[Data extracts]
========================

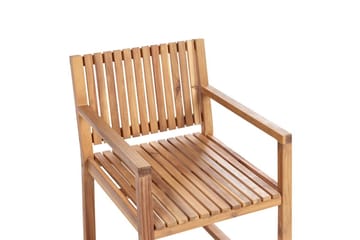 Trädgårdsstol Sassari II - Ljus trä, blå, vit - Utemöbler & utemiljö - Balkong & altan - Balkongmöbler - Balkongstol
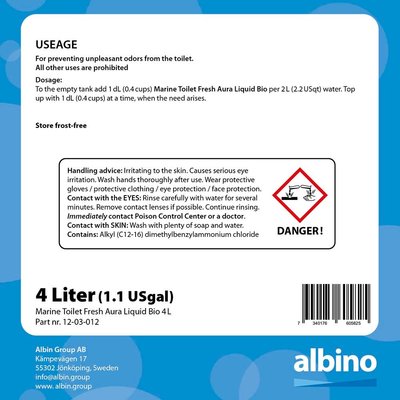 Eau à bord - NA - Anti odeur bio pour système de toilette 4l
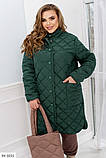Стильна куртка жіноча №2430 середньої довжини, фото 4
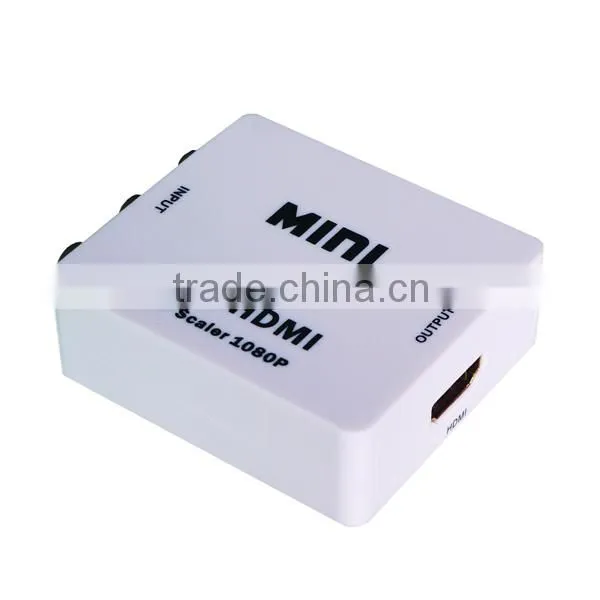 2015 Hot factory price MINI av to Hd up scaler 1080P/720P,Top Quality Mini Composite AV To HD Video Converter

========================

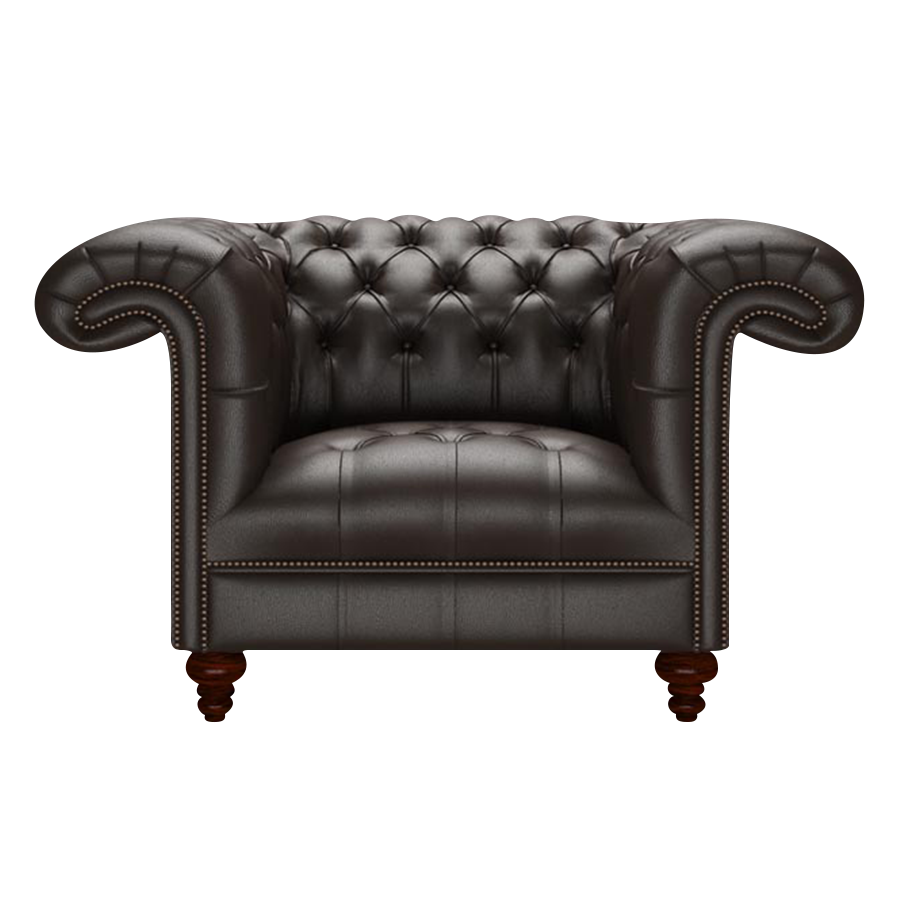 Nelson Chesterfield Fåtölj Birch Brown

========================

[The task]
Leaving out the pictures, please output the lines in the entries above from the one with "Eau à bord - NA" through the one with "2015 Hot factory", exactly as they are.

[Solution]
 Eau à bord - NA - Anti odeur bio pour système de toilette 4l
Стильна куртка жіноча №2430 середньої довжини, фото 4
 2015 Hot factory price MINI av to Hd up scaler 1080P/720P,Top Quality Mini Composite AV To HD Video Converter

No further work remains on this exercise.